University Of Notre Dame, Notre Dame IN

Investigators

Abstract

This award funds the research activities of Professors Antonio Delgado, Adam Martin, and Yuhsin Tsai at the University of Notre Dame. The goal of theoretical particle physics is to understand the fundamental building blocks of the universe around us. There are two avenues towards this achieving this goal. The first is to analyze collisions of protons slammed together at the highest energies available, with the goal of investigating the elementary particles and their interactions at very short length scales. The second is to study the history of the universe through the cosmic microwave background (CMB) radiation --- i.e., radiation from a very early epoch in the evolution of the universe --- as well as through other cosmological signals. Pursuing both of these directions, Professors Delgado, Martin, and Tsai will conduct research that casts a wide net for signals of new physics using a variety of techniques. As such, this research advances the national interest by promoting the progress of science towards illuminating the principal laws of nature.
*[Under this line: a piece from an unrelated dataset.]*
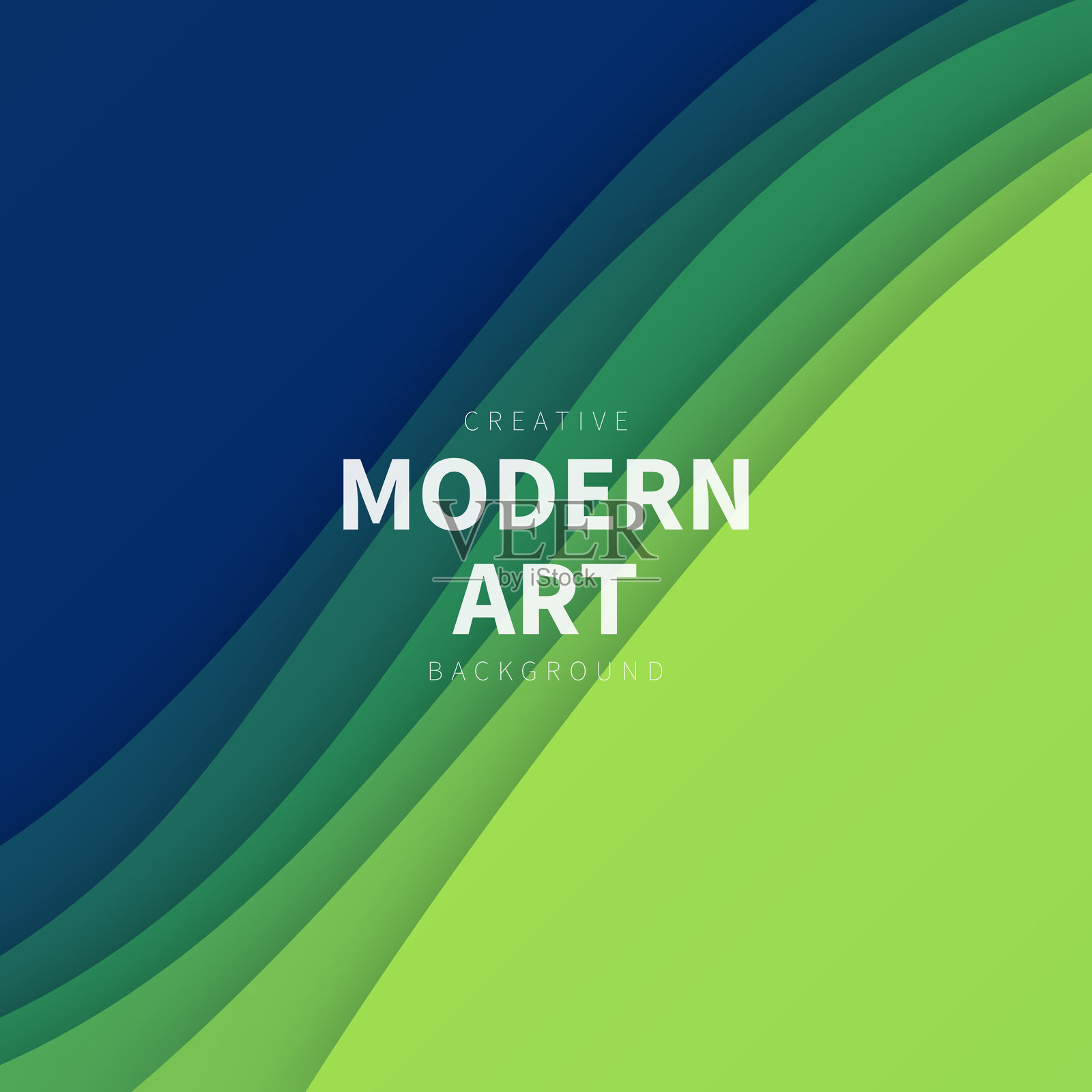 绿色抽象波浪形状 - 剪纸背景 - 时尚3D设计插画图片素材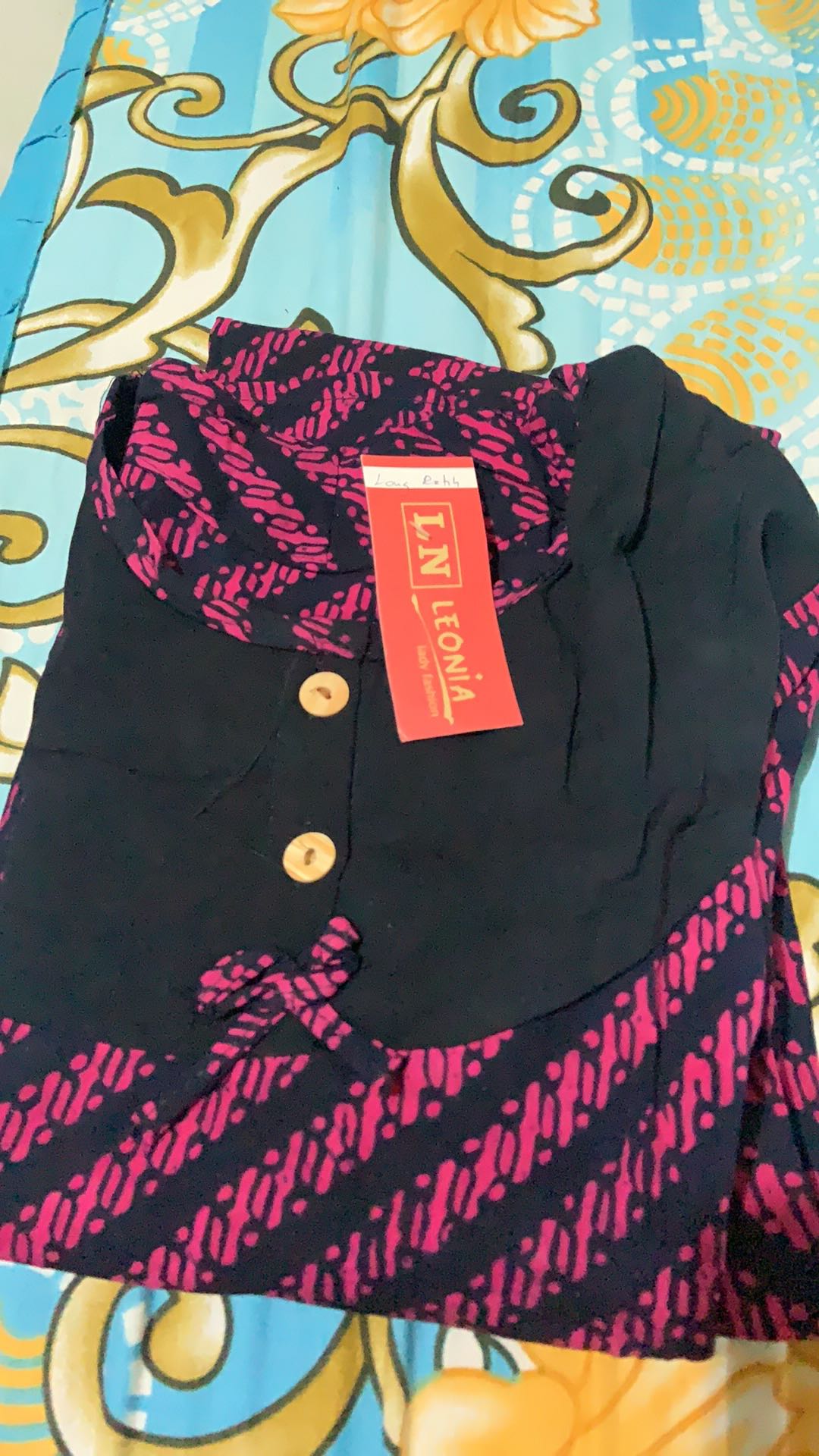 Longdress Ratih Gamis Batik Cap Kelengan Kancing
This work also has a broad impact in that it will guide future experimental searches and involves close collaboration with experimenters, both at Notre Dame and at CERN (the European Laboratory for Particle Physics). Professors Delgado, Martin, and Tsai will also teach physics at the undergraduate and graduate levels, lecture at graduate physics summer schools, organize workshops and conferences around the world, and teach particle physics to high school teachers and students through the QuarkNet program, both nationally and internationally. More technically, Professor Martin will work on improving effective field theory-based searches for new phenomena, with particular emphasis on the uncertainties from higher order terms. Professor Delgado will study novel signals from R-parity violating supersymmetry. He will also study Dark Matter model building in supersymmetry and more general two-Higgs-doublet models. Professor Tsai will adapt existing cosmology computer codes to study how dark photons and Mirror Twin Higgs models can be bounded by current and future cosmological observations. Finally, Professors Martin and Tsai will together study ‘hotspot' signals in the CMB from pairs of super-heavy particles created in the early universe This award reflects NSF's statutory mission and has been deemed worthy of support through evaluation using the Foundation's intellectual merit and broader impacts review criteria.